結果的に、いつまでたっても物流生産性が向上しない可能性があります。出来高に差が出たり、品質にばらつきが出たりすると、それが一部の作業者にとっては不満となる可能性があります。自分だけどうしてこんなに働かなければならないのか、と思うこともあるでしょう。出来高に差があるのに給与が同じことに対する不満も出てくるかもしれません。これらの不満が職場のモチベーション低下につながります。品質も荒れてくるかもしれません。これらは物流作業が標準化されていなことに起因することを認識しなければなりません。
2.「褒める機会」を意識的に作る
物流標準作業を定め、それを部下の作業者に教える。そしてその通りにやらせてみて作業観察を行う。もし標準外の動きをしていたらその場で修正させる。これが定められた物流品質を生み出すための基本です。物流現場の監督者は最低限この仕事を実行する必要があります。そしてもし標準作業を100%遵守し、物流品質不良を発生させなかったとしたら、その作業者に対して「物流品質パーフェクト賞」を与えることを考えてみてはいかがでしょうか。

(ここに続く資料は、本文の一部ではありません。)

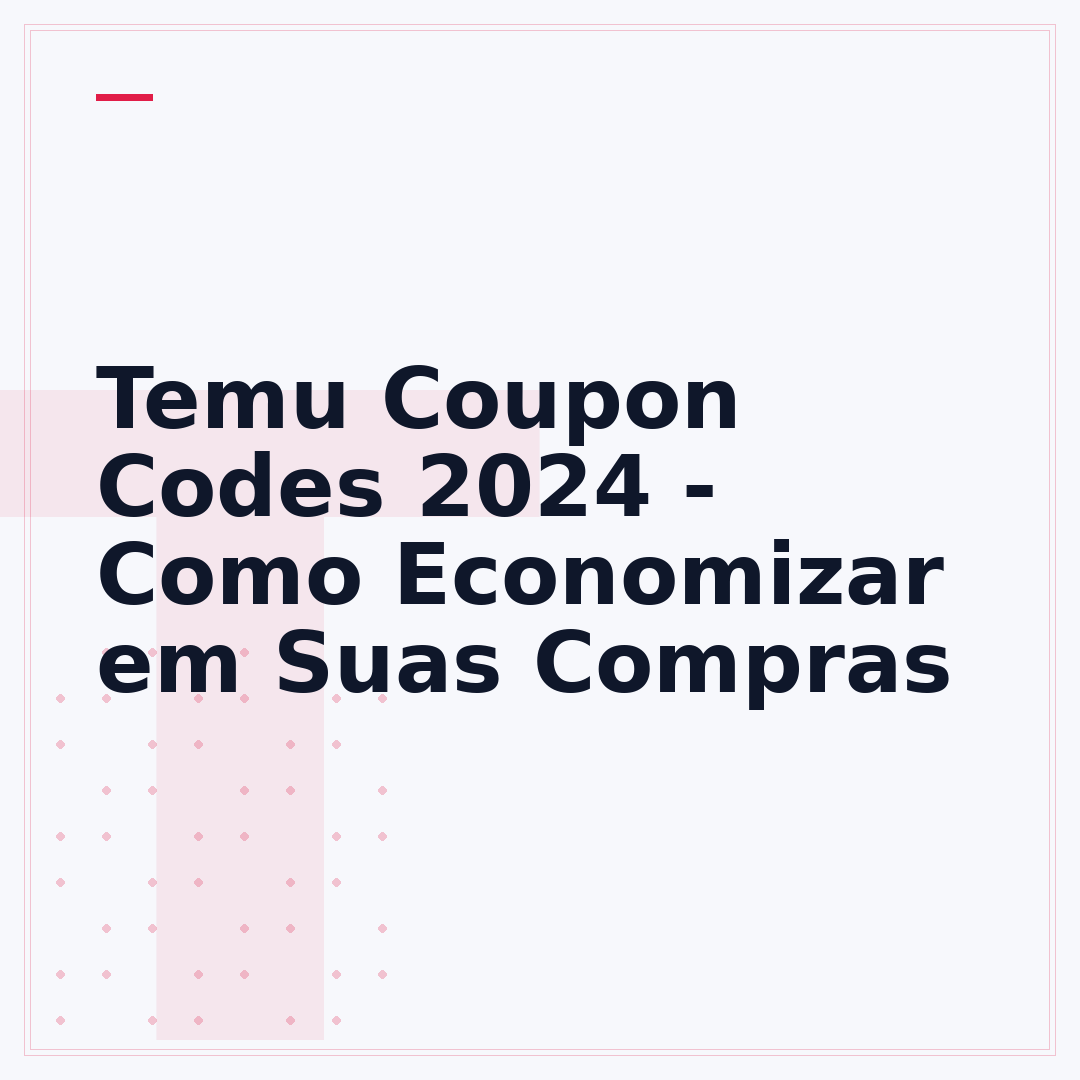 Temu Coupon Codes 2024 - Como Economizar em Suas Compras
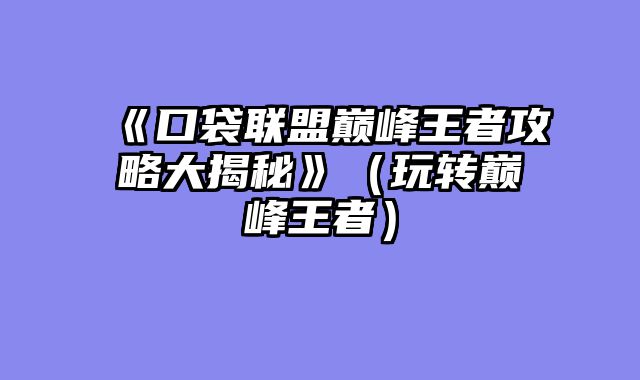 《口袋联盟巅峰王者攻略大揭秘》（玩转巅峰王者）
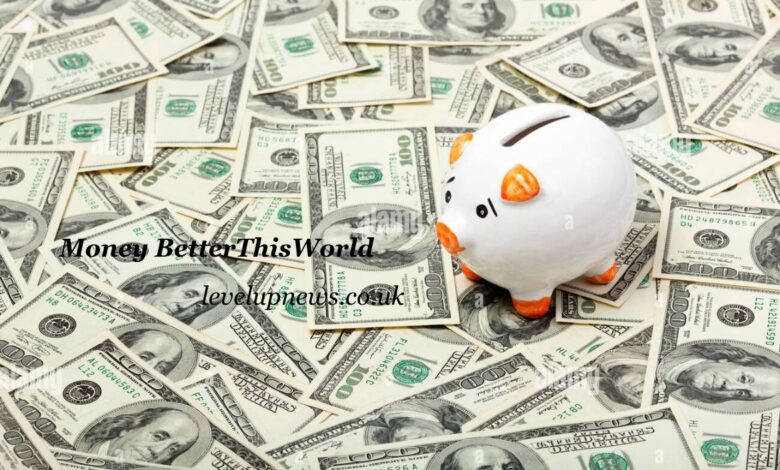 Money BetterThisWorld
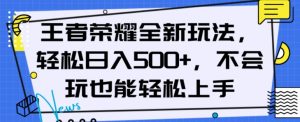 王者荣耀全新玩法，轻松日入500+，小白也能轻松上手【揭秘】-云途资源库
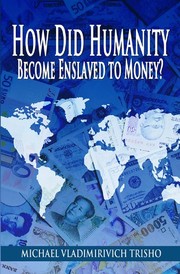 Front cover of How Did Humanity Become Enslaved to Money? by Michael Vladimirovich Trisho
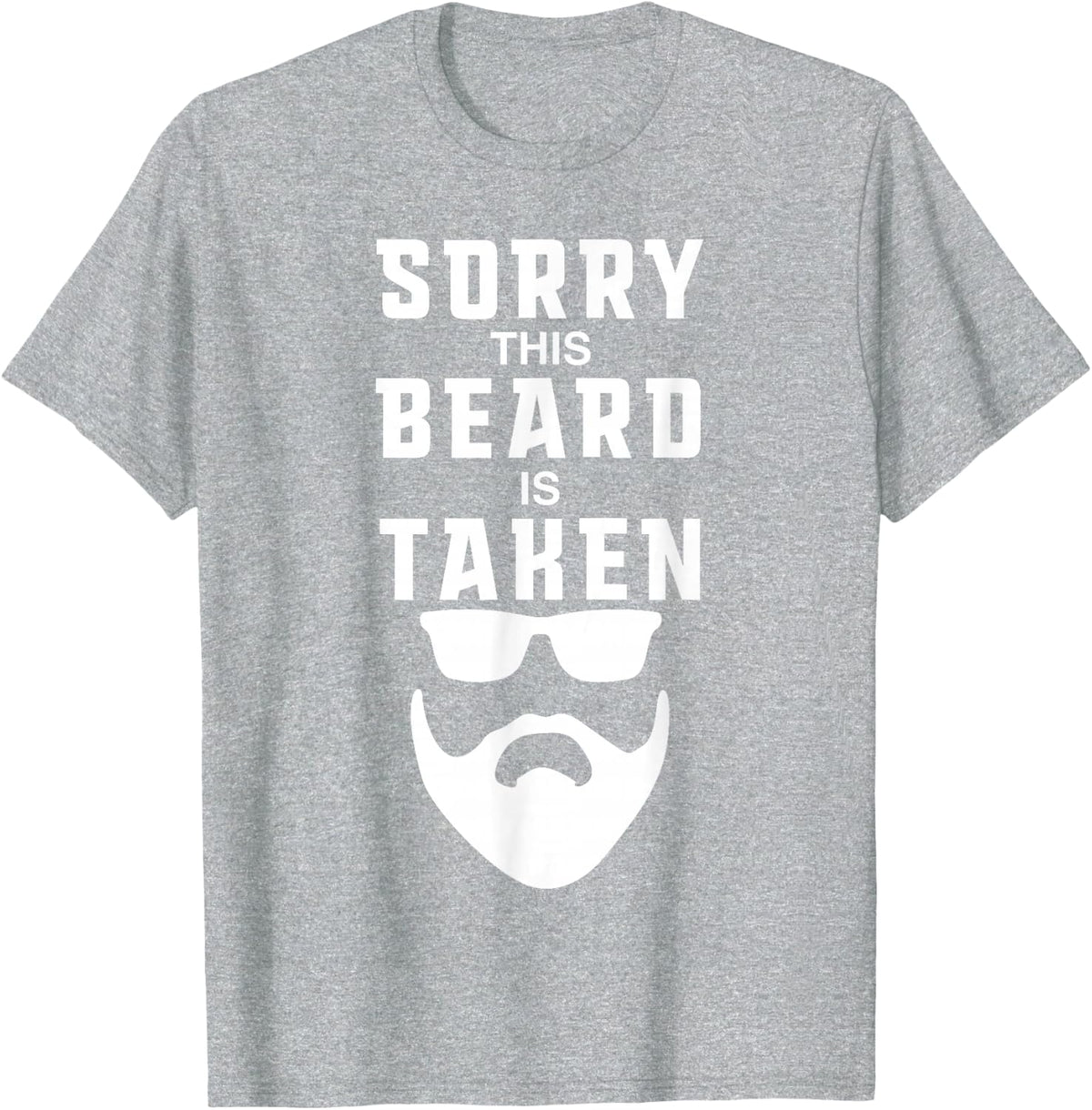 Sorry This Beard is Taken Funny Valentines Day Gift for Him T-Shirt - Heather Grey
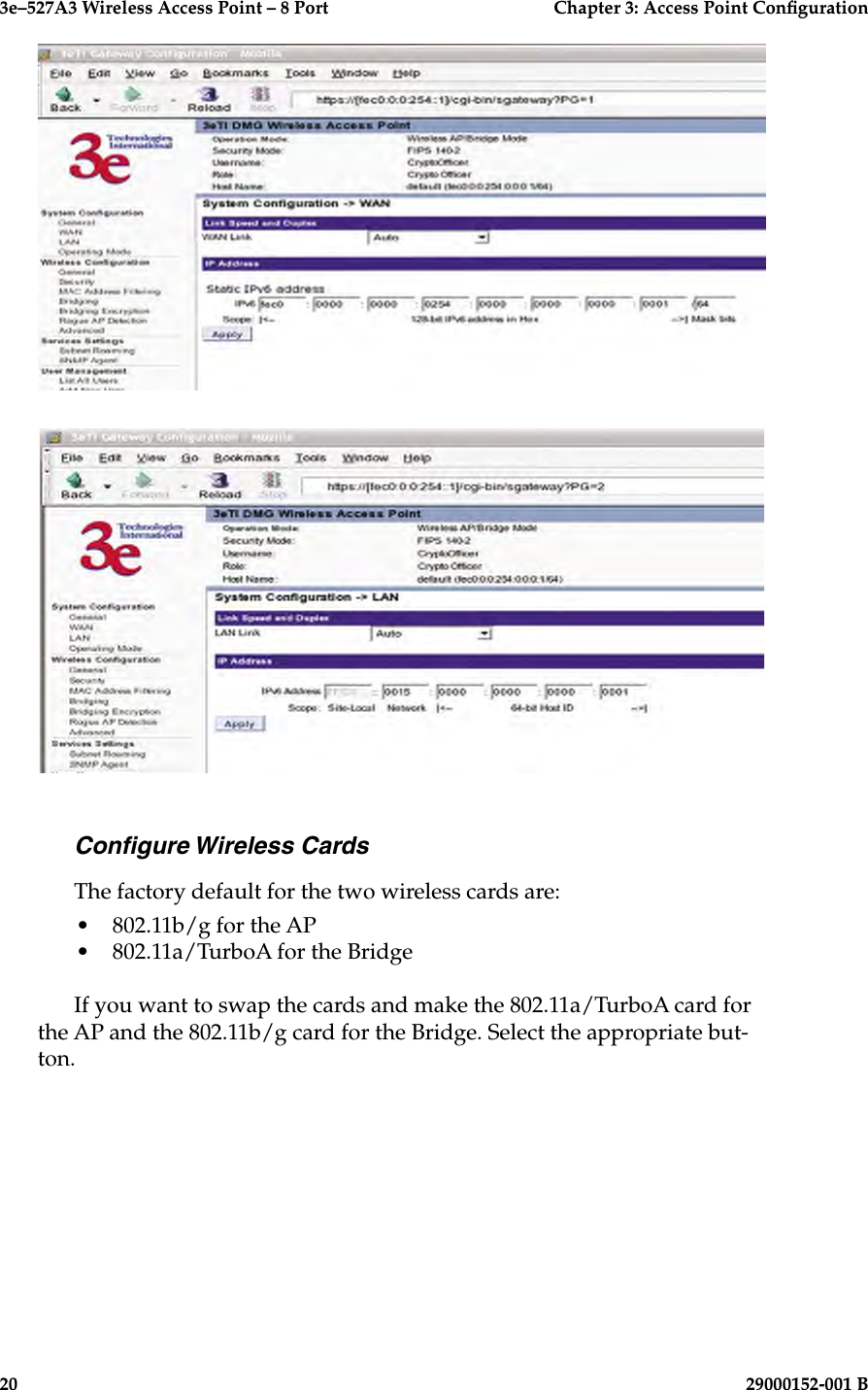 3e–527A3 Wireless Access Point – 8 Port      Chapter 3: Access Point Conguration20                            29000152-001 B3e–527A3 Wireless Access Point – 8 Port  Chapter 3: Access Point Conguration29000152-001 B  21Congure Wireless CardsThe factory default for the two wireless cards are:•  802.11b/g for the AP•  802.11a/TurboA for the BridgeIf you want to swap the cards and make the 802.11a/TurboA card for the AP and the 802.11b/g card for the Bridge. Select the appropriate but-ton.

人は何歳になっても、どんな小さなことでも褒められればうれしいものです。褒められれば気持ちがよくなってさらに意欲が向上することでしょう。「褒める機会」を意識的に作っていくことはお勧めです。品質にこだわらず「提案」が出てくれば褒めるとよいでしょう。この提案はどのような内容でも、規模でもこだわることはありません。安全関係でも効率化関係でも。
意外と気づいていなかったちょっとした問題に気づかされることもあります。それは部下たちが「提案」というかたちで教えてくれるのです。筆者が昔勤務していた会社では「改善王」という称号が存在しました。一定の水準の改善提案を継続的に出し続けた人に与えられる称号で、これを受けると同時にバッジがもらえます。このバッジを帽子につけることで、誰が見てもその人が「改善王」であることがわかります。その人のプライドをくすぐる上手なしかけだと思いました。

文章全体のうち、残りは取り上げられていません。